Wiadomo, że prawo użytkowania wieczystego jest prawem czasowym ustanawianym na gruncie będącym własnością Skarbu Państwa lub właściwej jednostki samorządu terytorialnego (województwa, powiatu lub gminy) na 99 lat, a w wyjątkowych wypadkach na okres krótszy, co najmniej jednak na lat 40. Tak stanowi art. 236 § 1 kodeksu cywilnego. Wiadomo również, że budynki i inne urządzenia nabyte lub wzniesione przez użytkownika wieczystego są jego własnością, z tym jednak, że prawo użytkowania wieczystego ma charakter prawa nadrzędnego w stosunku do prawa własności budynków.
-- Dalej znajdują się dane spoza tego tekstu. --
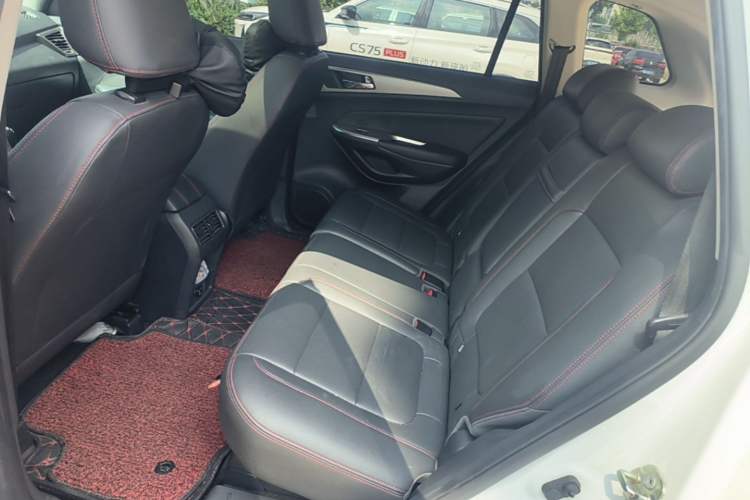 Used CHANGAN CS75 2016 1.5T Manual FENGSHANG Model Left Rear Seat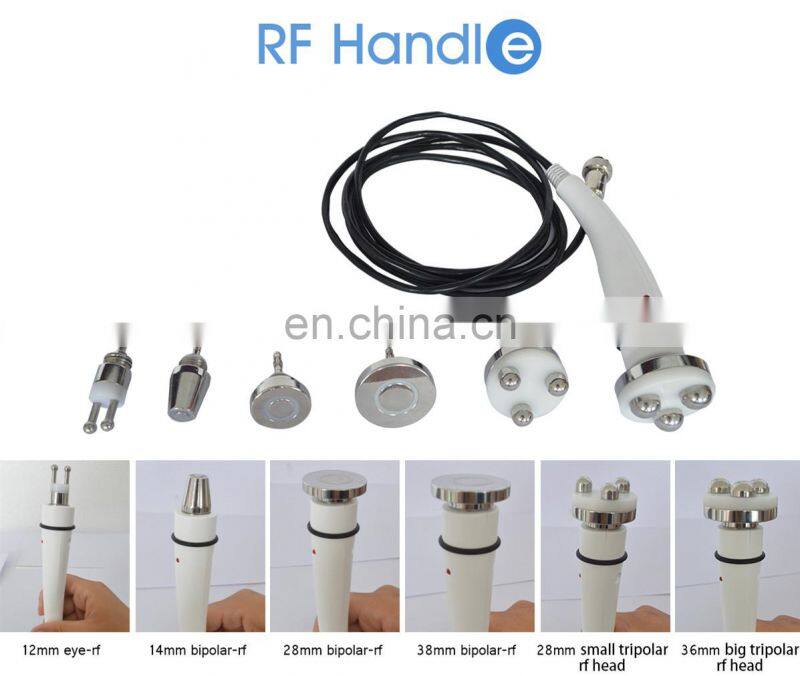 4 in1 Multi-functional beauty equipment Hair Removal Skin Care Beauty Salon Beauty Salon Equipment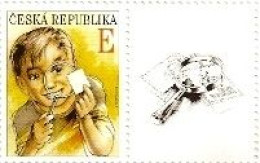 ** 643 Czech Republic Development  Of Philately 2010 - Neufs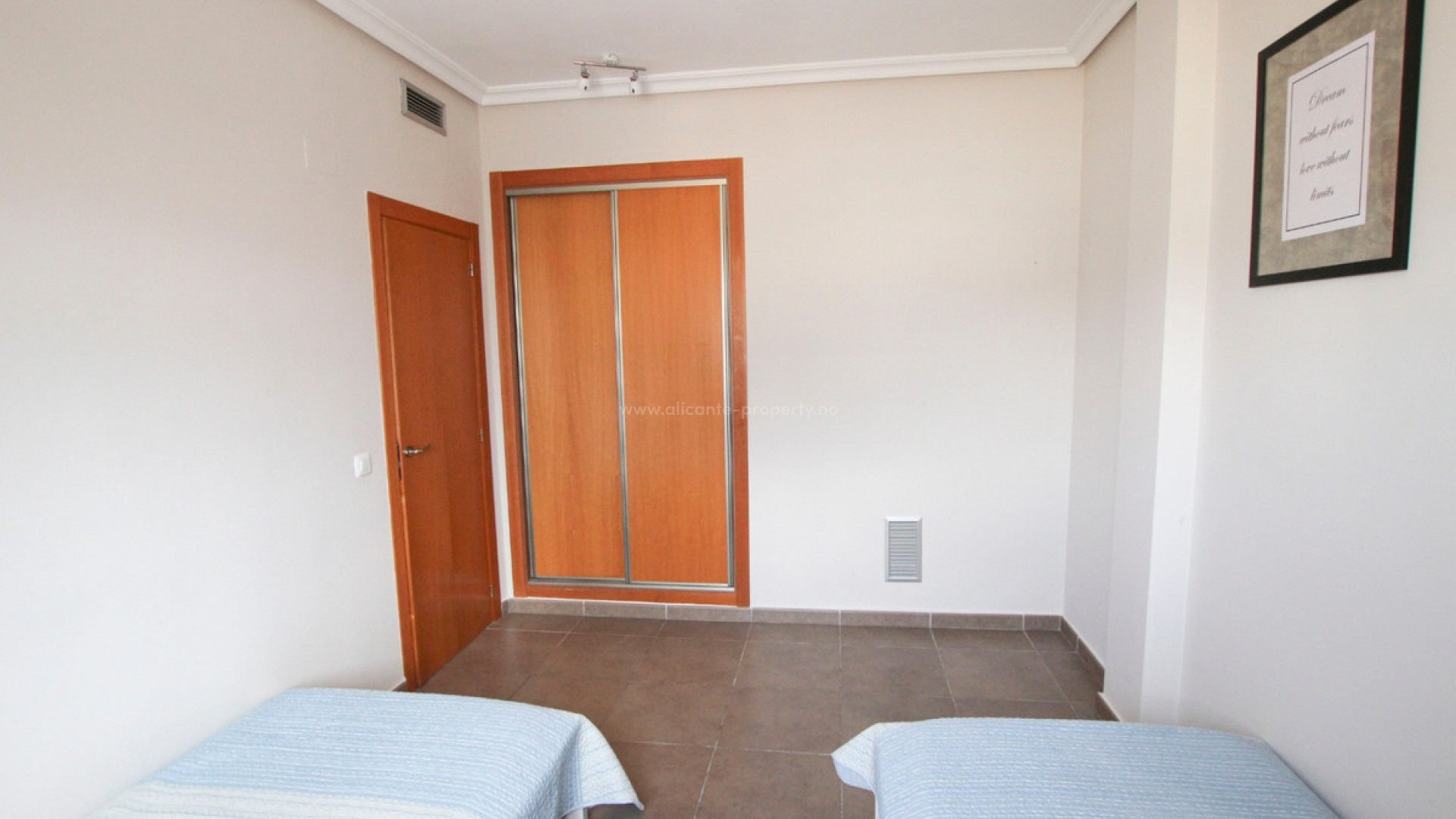 Hus / Villa i Calpe Centro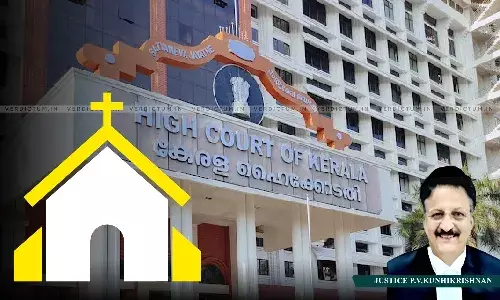 Kerala HC Sets Aside Assignment Of 5.5 Hectares Land In Wayanad To Church For Mere ₹ 100 Per Acre, Says Govt Pierced Knife Into Hearts Of Tribals Who Are Waiting For Land Allotment Kerala HC Sets Aside Assignment Of 5.5 Hectares Land In Wayanad To Church For Mere ₹ 100 Per Acre, Says Govt Pierced Knife Into Hearts Of Tribals Who Are Waiting For Land Allotment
Oznacza to, że odrębna własność budynków i innych urządzeń trwa tak długo, jak długo trwa prawo użytkowania wieczystego, które wygasa z upływem terminu ustalonego w umowie albo przez rozwiązanie umowy przed upływem tego okresu (art. 33 ust. 1 ustawy o gospodarce nieruchomościami). W razie wygaśnięcia lub rozwiązania umowy użytkowania wieczystego użytkownikowi wieczystemu przysługuje wynagrodzenie za wzniesione przez niego lub nabyte na własność budynki i inne urządzenia. Wynagrodzenie powinno być równe wartości tych budynków i urządzeń określonej na dzień wygaśnięcia użytkowania wieczystego.
Takie zasady obowiązują w odniesieniu do nieruchomości gruntowych zabudowanych wymienionymi budynkami i innymi urządzeniami na gruntach oddanych w użytkowanie wieczyste. Są to tzw. nieruchomości budynkowe.
Zupełnie inna sytuacja występuje w odniesieniu do nieruchomości lokalowych, ustanawianych jako odrębna własność na podstawie ustawy z 24 czerwca 1994 r. o własności lokali. Zgodnie z art. 3 ust. 1 tej ustawy: „W razie wyodrębnienia własności lokali właścicielowi lokalu przysługuje udział w nieruchomości wspólnej jako prawo związane z własnością lokali. Nie można żądać zniesienia współwłasności nieruchomości wspólnej, dopóki trwa odrębna własność lokali". Jest to tzw. współwłasność przymusowa.